(Stored items)

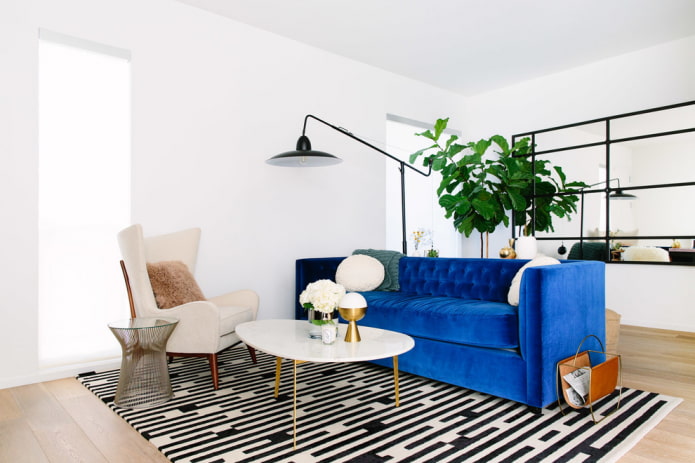 piccolo divano blu all'interno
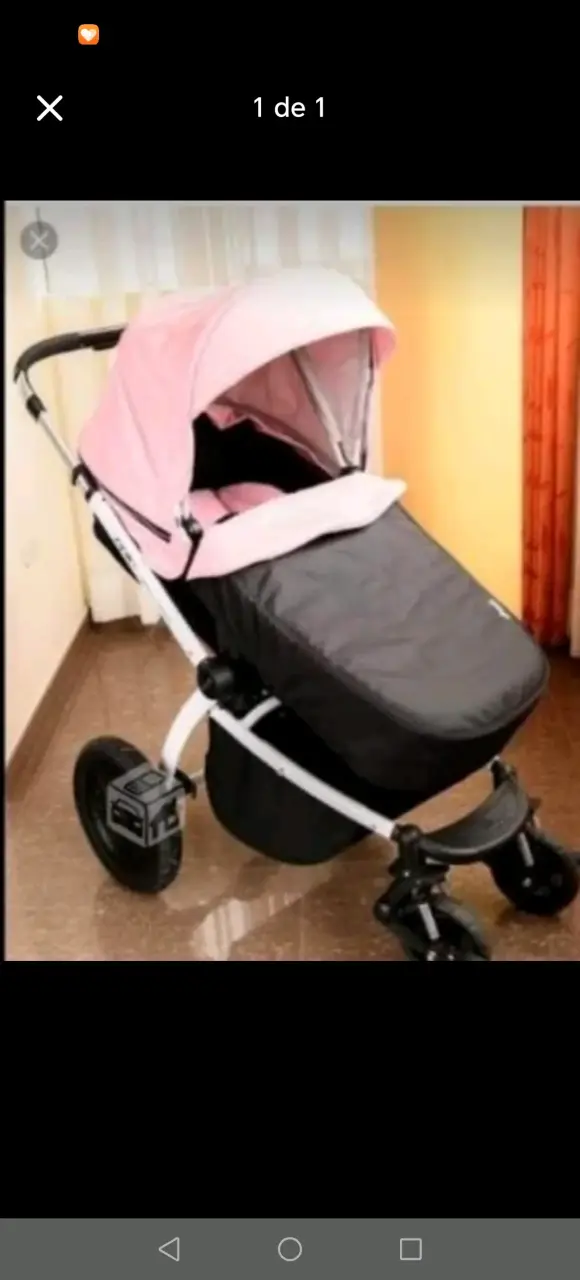 Coche de bebé rosa y negro con capota ajustable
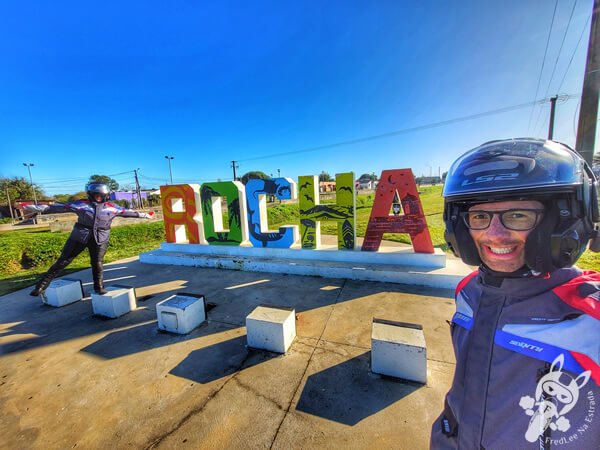 Letreiro da cidade de Rocha às margens da Ruta 10 | Rocha - Rocha - Uruguai | FredLee Na Estrada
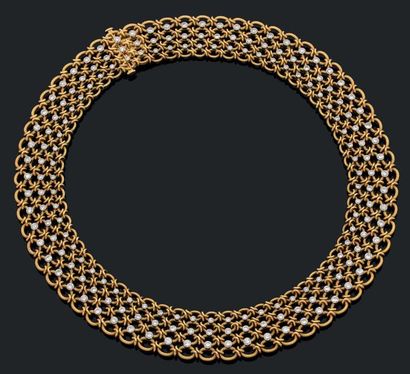 CARTIER Collier ruban composé d'une résille d'or jaune 18k (750) en fils torsadés...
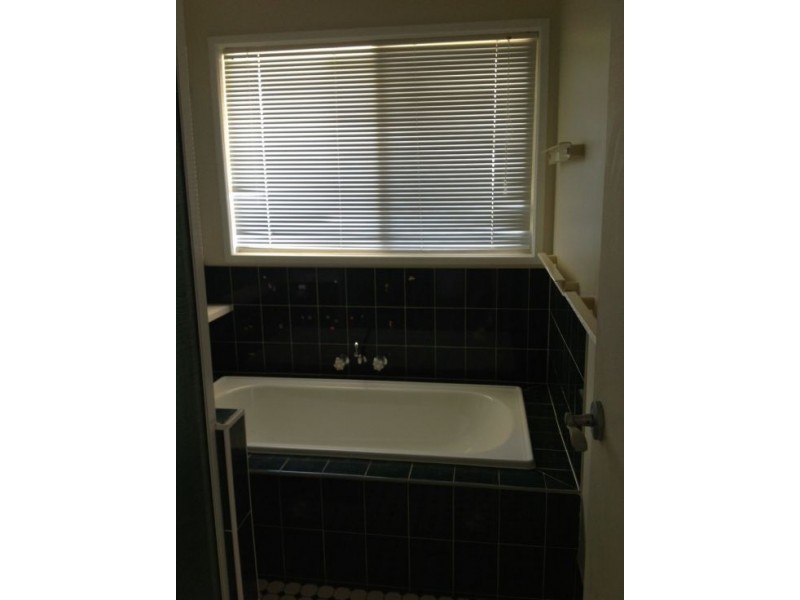 7 Banksia Park Dr, Scarness QLD 4655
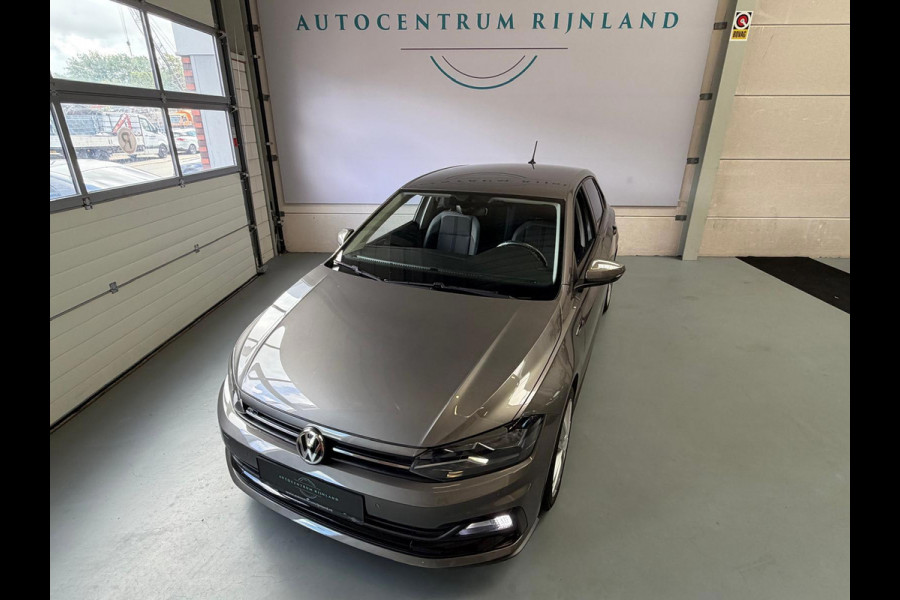 Volkswagen Polo 1.0 TSI Highline Business R Navi, Carplay, Cruise Control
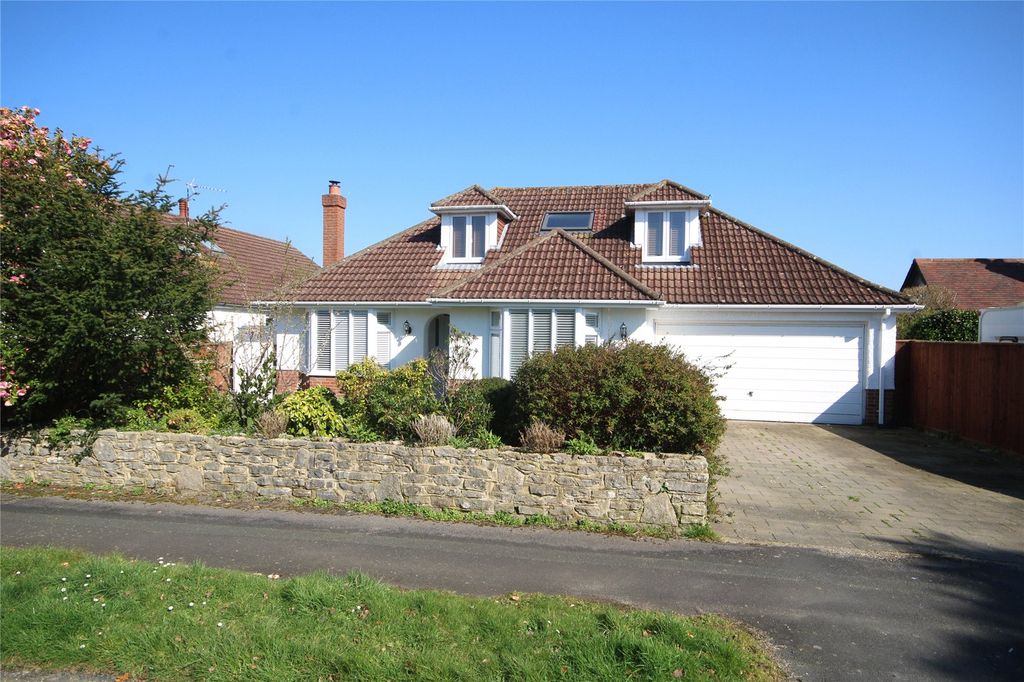 Property photo 1 of 18 Picture No. 23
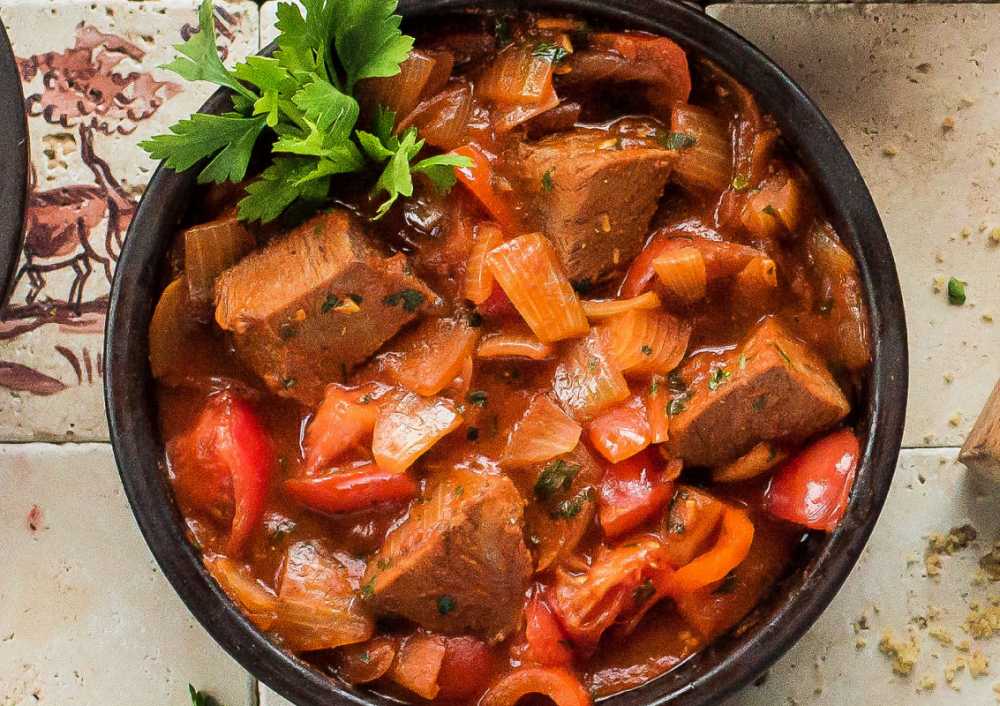 Тушеное мясо с подливкой в духовке: Рецепт: Мясо тушенное с подливкой - SuomiMag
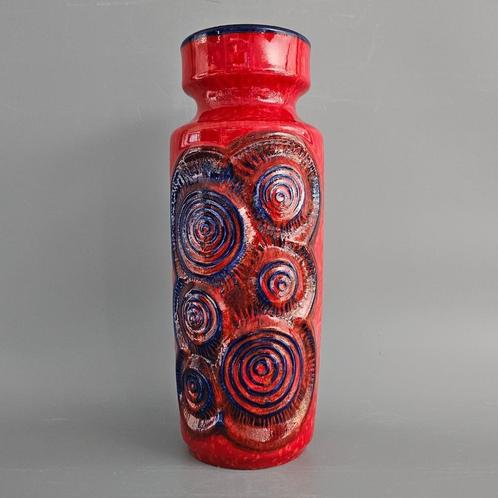 vintage West-Duitse Fat Lava vaas gemaakt door Bay Keramik., Huis en Inrichting, Woonaccessoires | Vazen, Zo goed als nieuw, Rood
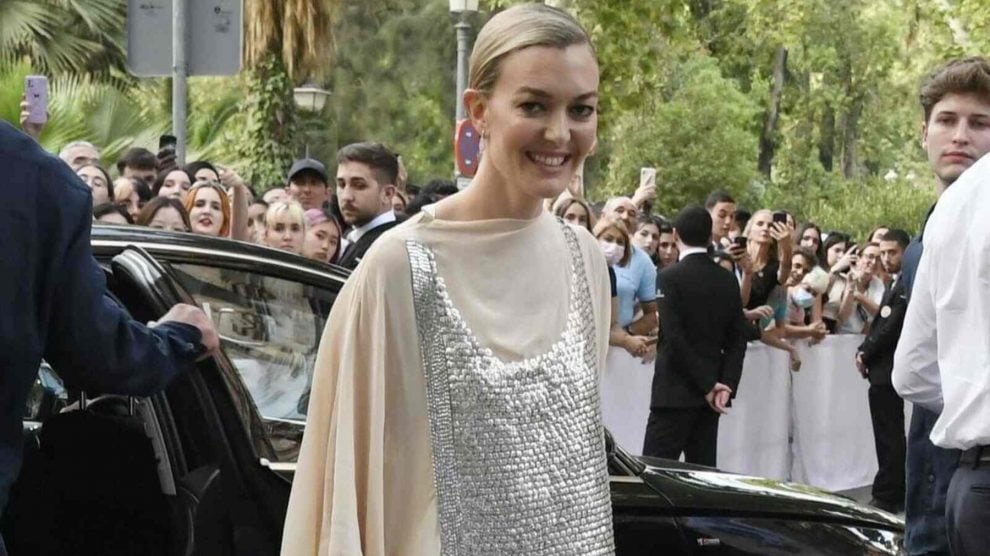 Marta Ortega sonriendo con un vestido de Zara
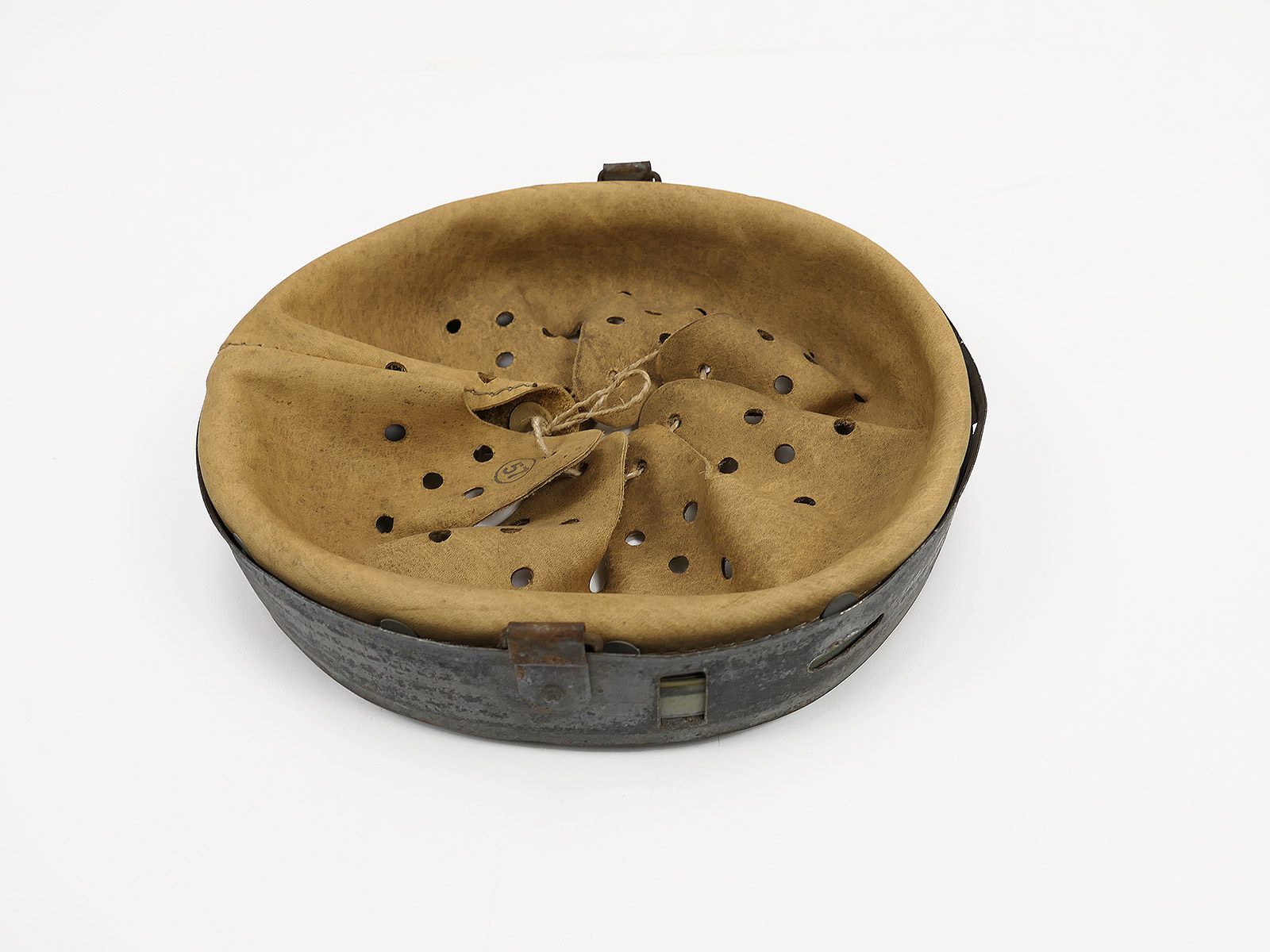 #186/ Wehrmacht Stahlhelm Helmfutter ANTIK M35 M40 M42 (56/64)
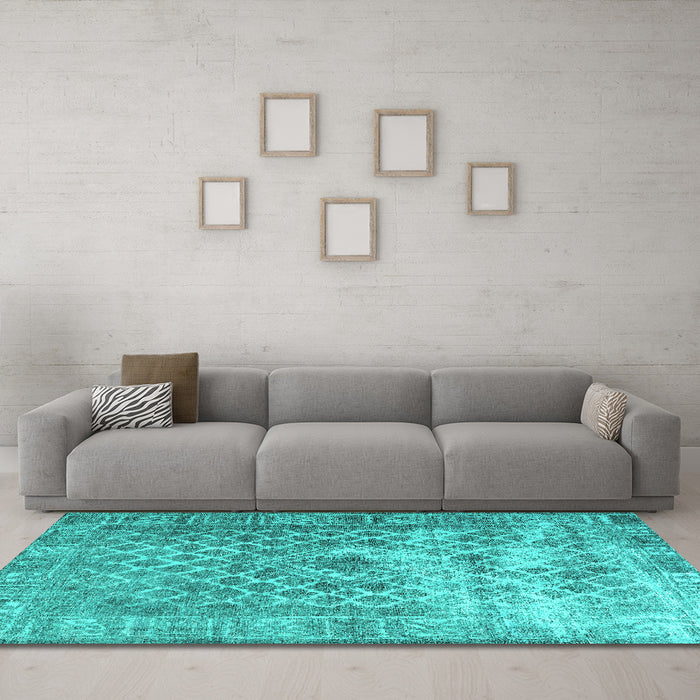 Machine Washable Persian Turquoise Traditional Area Rugs in a Living Room,, wshtr3367turq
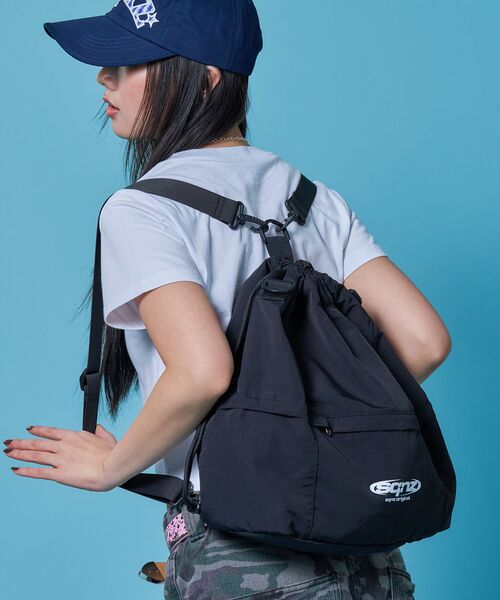 SEQUENZ(シークエンズ)の「※WEB限定 / 2WAY仕様 / ユニセックスナップサック / sqnz 2way knapsack(トートバッグ・メンズ・ライトピンク/ブラック/その他1/グレー・FREE)」の2枚目の写真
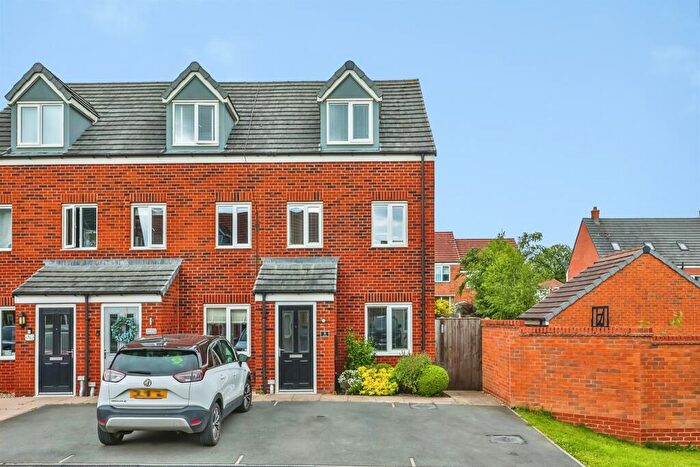 3 Bedroom End Of Terrace House For Sale In Elka Road, Ilkeston, DE7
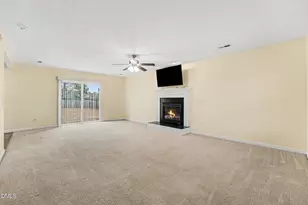 401 Lenoir Dr, Spring Lake, NC 28390 - Photo 5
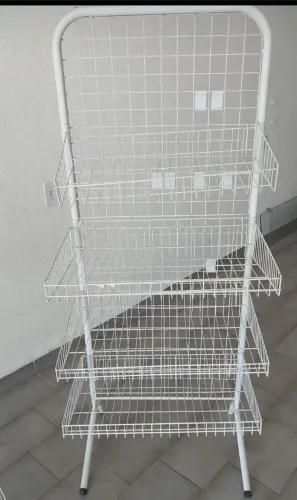 vendo expositor telado ,com prateleiras e cabides,bem conservado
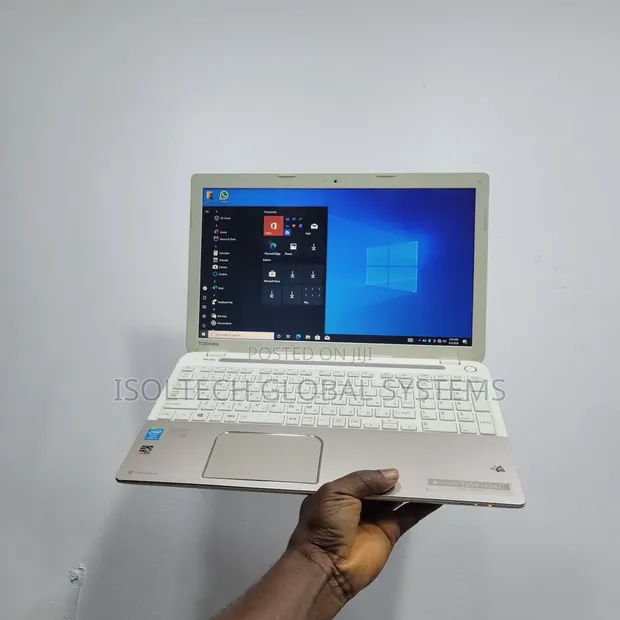 Toshiba Laptop 8GB RAM, 500GB HDD, Intel Core i3 - 1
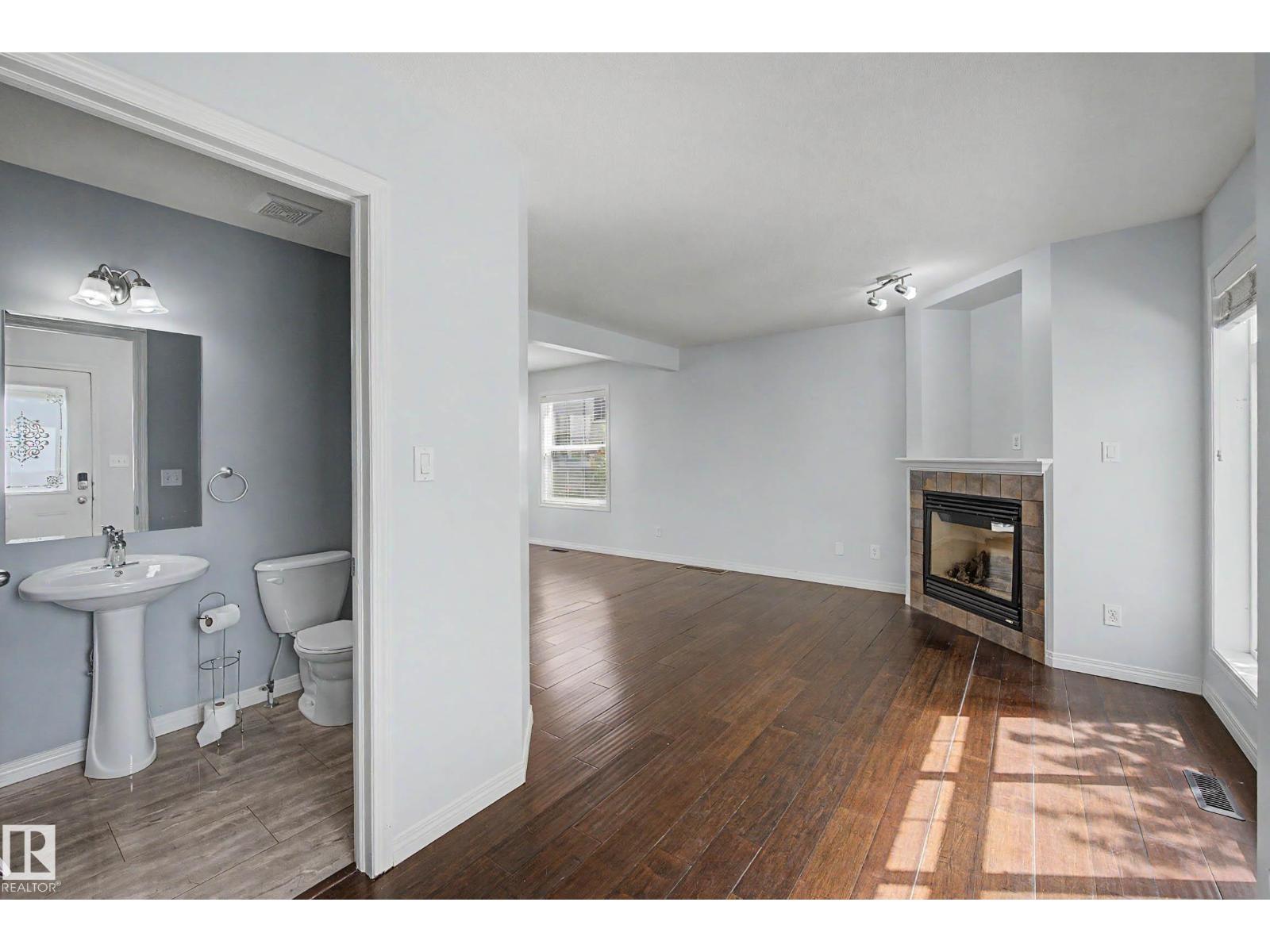 5806 118 AV NW NW - 10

Prompt: Repeat the entries faithfully. Any picture gets left out.

Answer to the problem:
 piccolo divano blu all'interno
 Coche de bebé rosa y negro con capota ajustable
 Letreiro da cidade de Rocha às margens da Ruta 10 | Rocha - Rocha - Uruguai | FredLee Na Estrada
 CARTIER Collier ruban composé d'une résille d'or jaune 18k (750) en fils torsadés...
 7 Banksia Park Dr, Scarness QLD 4655
 Volkswagen Polo 1.0 TSI Highline Business R Navi, Carplay, Cruise Control
 Property photo 1 of 18 Picture No. 23
 Тушеное мясо с подливкой в духовке: Рецепт: Мясо тушенное с подливкой - SuomiMag
 vintage West-Duitse Fat Lava vaas gemaakt door Bay Keramik., Huis en Inrichting, Woonaccessoires | Vazen, Zo goed als nieuw, Rood
 Marta Ortega sonriendo con un vestido de Zara
 #186/ Wehrmacht Stahlhelm Helmfutter ANTIK M35 M40 M42 (56/64)
 Machine Washable Persian Turquoise Traditional Area Rugs in a Living Room,, wshtr3367turq
 SEQUENZ(シークエンズ)の「※WEB限定 / 2WAY仕様 / ユニセックスナップサック / sqnz 2way knapsack(トートバッグ・メンズ・ライトピンク/ブラック/その他1/グレー・FREE)」の2枚目の写真
 3 Bedroom End Of Terrace House For Sale In Elka Road, Ilkeston, DE7
 401 Lenoir Dr, Spring Lake, NC 28390 - Photo 5
 vendo expositor telado ,com prateleiras e cabides,bem conservado
 Toshiba Laptop 8GB RAM, 500GB HDD, Intel Core i3 - 1
 5806 118 AV NW NW - 10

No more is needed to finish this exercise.